Mille domande si susseguono una dietro l'altra rendendo la mia capacità di intelletto pari a quella di un criceto.
Traballo sui piedi, se qualcuno mi vedesse da fuori potrebbe pensare che mi scappa la pipì.
Soffio spazientita oltre a pensare che se davvero nessuno si presenta alla porta dovrei seriamente passare ad un piano b.
E io non ho un piano di scorta.
Già è tanto se sono riuscita ad idealizzarne uno.
Ritento, pregando qualche divinità lassù che mi faccia la grazia.
Suono diverse volte il campanello come una forsennata.
Niente.

«...stupido Rodriguez» sbotto calciando un piccolo sassolino.

«stupido Rodriguez che mi ha fatto perdere la dignità. Me lo merito! E stupido Rodriguez che non capisce niente» continuo imperterrita.

«Stupido Rodriguez che mi lascia una stupida lettera... e stupido Rodriguez che mi ha fatto innamorare!»

Caccio un urletto di nervosismo.
Spero che nessuno mi senta e abbia voglia di venire a vedere cos'ho, perché non ho spiegazioni da dare.
Ho il telefono scarico e non ho idea di cosa fare.
Dovrei farmela a piedi fino in città?

«Aaah!» Mi tiro i capelli.

«Ma perché deve essere tutto così complicato?»

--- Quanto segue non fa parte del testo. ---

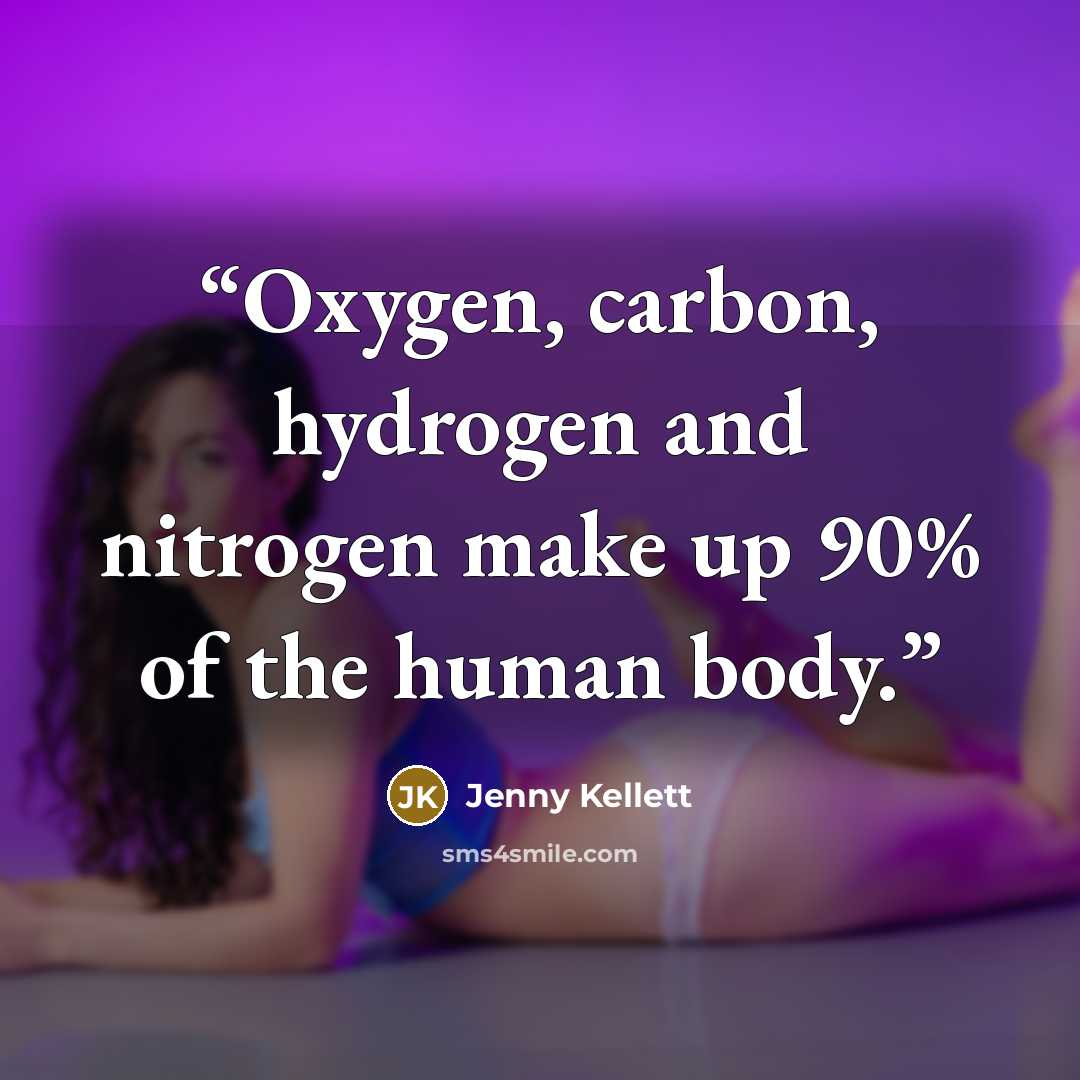 “Oxygen, carbon, hydrogen and nitrogen make up 90% of the human body.” quote by Jenny Kellett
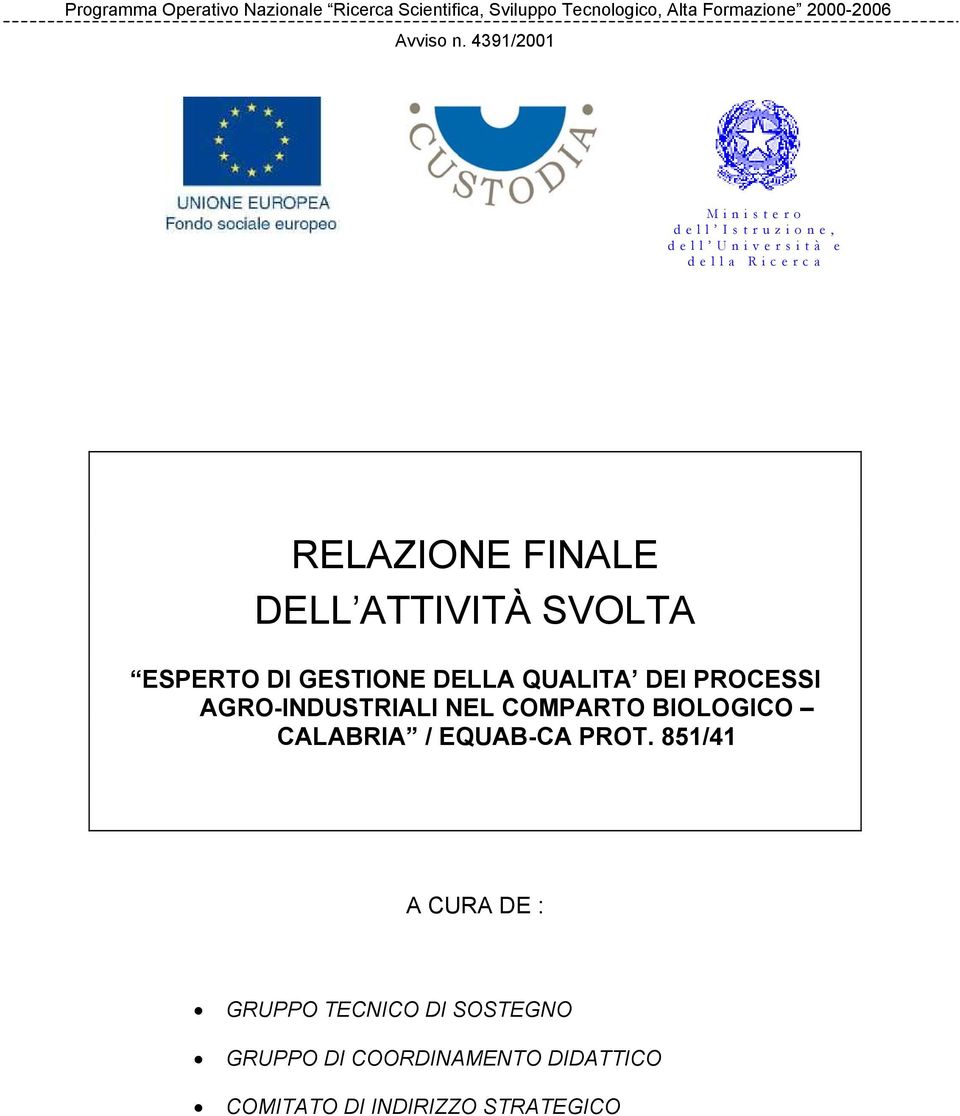 ESPERTO DI GESTIONE DELLA QUALITA DEI PROCESSI AGRO-INDUSTRIALI NEL COMPARTO BIOLOGICO CALABRIA / EQUAB-CA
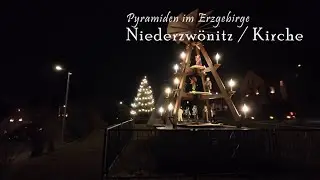 *** Pyramiden im Erzgebirge *** Niederzwönitz an der Kirche im Dezember 2025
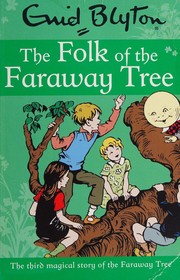 Cover of: The Folk of the Faraway Tree by Enid Blyton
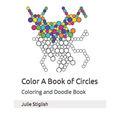 Color A Book of Circles: Coloring and Doodle Book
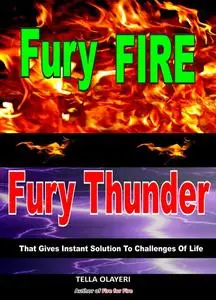 «Fury Fire Fury Thunder That Gives Instant Solution To Challenges Of Life» by Tella Olayeri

Soffoco un rantolo di disperazione e mi sento così patetica.
Il segreto è conoscere i propri limiti e accettarli.
Vivere al di sopra delle proprie possibilità porta solo un sacco di guai.
È questa ne è una prova.

«Martha?»

È Emily, la madre di Lucas che da dietro la porta mi guarda spaesata.
Oh Gesù mio.
Non lei, per favore.
Non avendo altro da fare, abbozzo un sorriso forzato e risalgo i pochi gradini per andarle incontro.

«Sì?» sussurro con voce appena udibile.

Questa è la versione docile di me, ho paura di quello che potrei dire.

«Che ci fai qui?» domanda continuando a ispezionare come se fossi un cane randagio.

Probabilmente la mia mise non è delle migliori.
Puzzo ancora di aeroporto e ho un diavolo per capello.

«emmh...» farfuglio notando che non sono più capace di mettere de parole in fila.

«Tutto bene?» chiede titubante.

«Ma certo.»
Certo che no.

«Sicura?»

«Sì... sì...» misuro guardandola attentamente.

Lucas gli somiglia, hanno la stessa espressione.
La fisso in modo piuttosto spudorata e lei pare accorgersene.
Diciamo che dal primo momento non ho avuto un gran feeling dopo il susseguirsi di figuracce.
Ma è ora che Emily incominci a far almeno parzialmente il callo al mio modus operandi.